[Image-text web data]
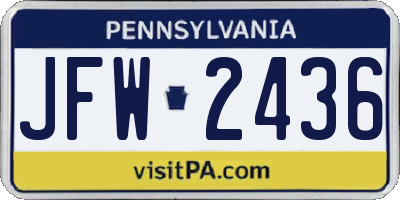 PA license plate JFW2436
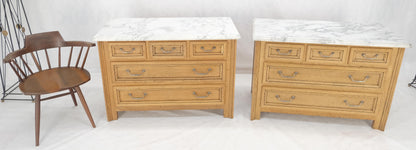 Pair of Washed Oak White Marble Tops 5 Drawers Bachelor Chests Dressers MINT!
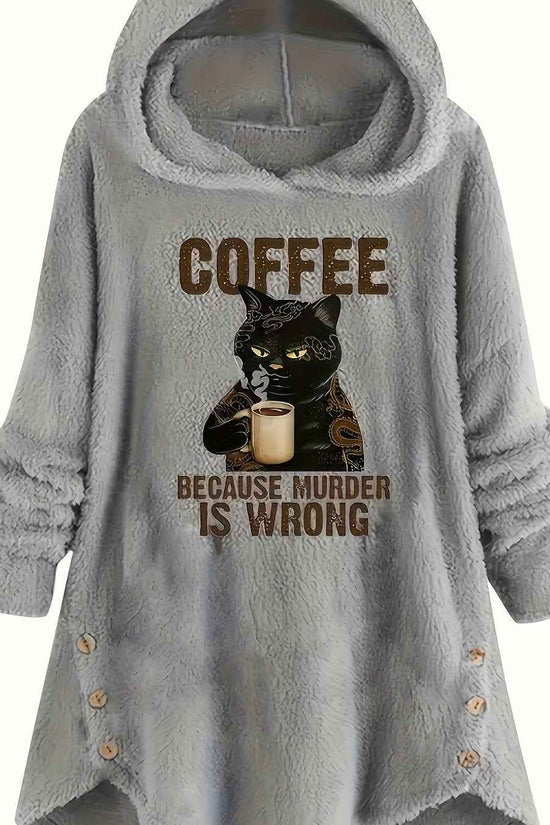 Plus Size - Women'S Plus Size Casual Teddy Hoodie with Cat Ears and Button Details | Long Sleeve, Asymmetrical Hem, Fall/Winter, Animal Print, Pullover Style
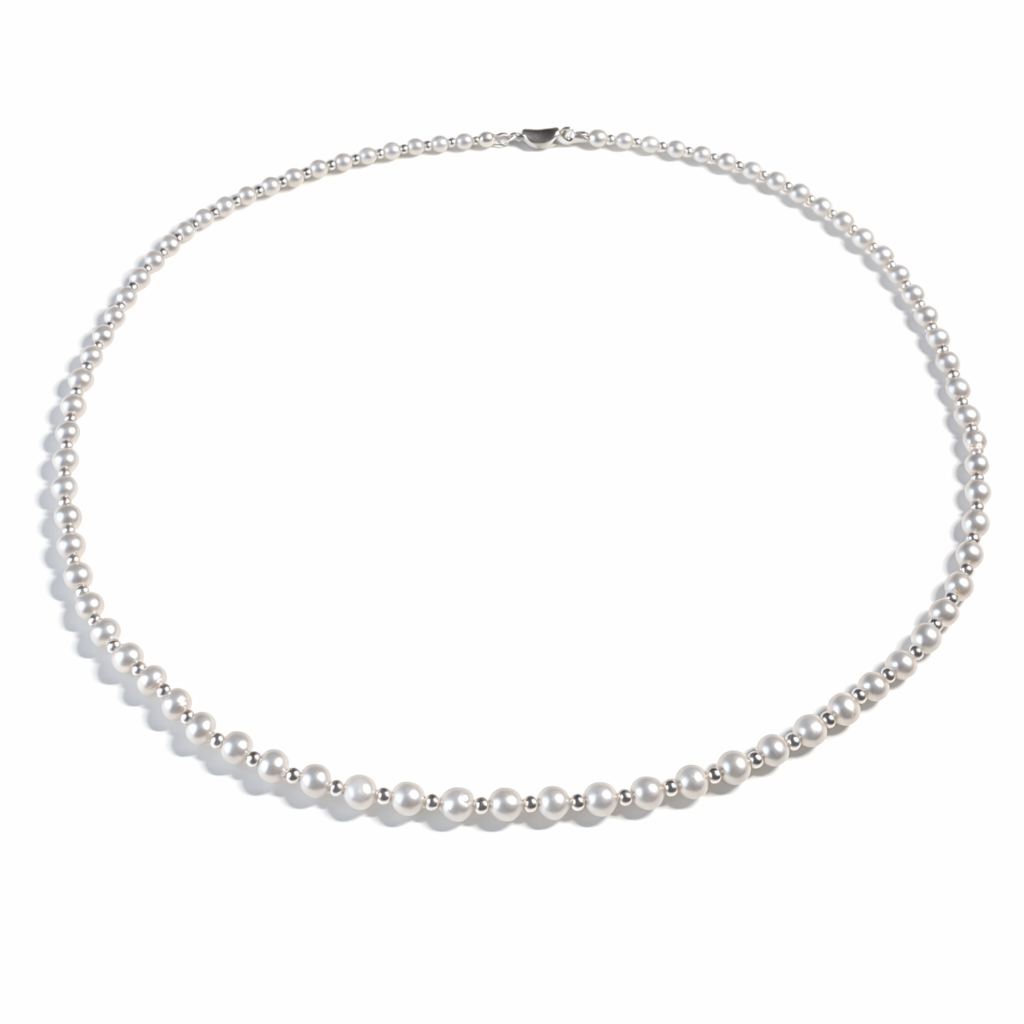White Baroque Pearl and Silver Bead Necklace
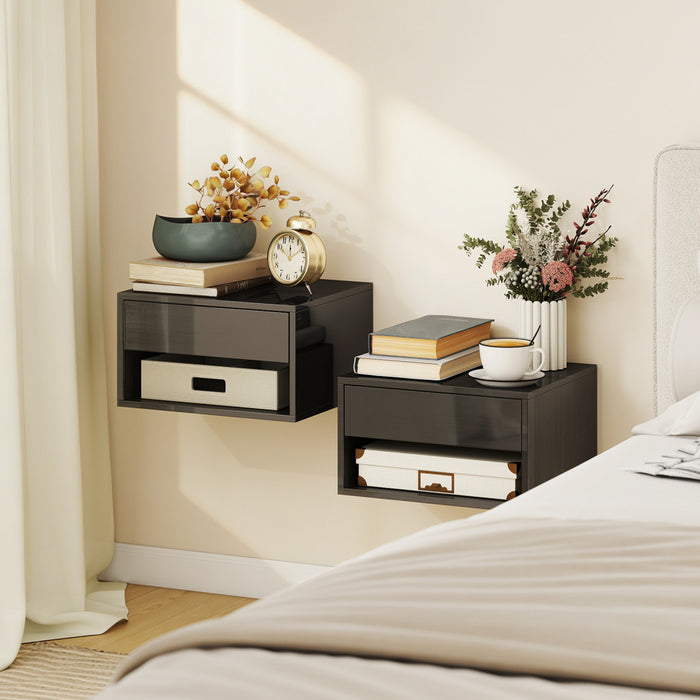 HOMCOM Floating Bedside Tables Set of 2, Wall-Mounted Nightstand Black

■ REQUIRED ACTION
All lines from the one containing "White Baroque Pearl and Silver Bead Necklace" to the last line of the records above, both included, need to be repeated word for word; omit the pictures.

■ WORKED SOLUTION
White Baroque Pearl and Silver Bead Necklace
 HOMCOM Floating Bedside Tables Set of 2, Wall-Mounted Nightstand Black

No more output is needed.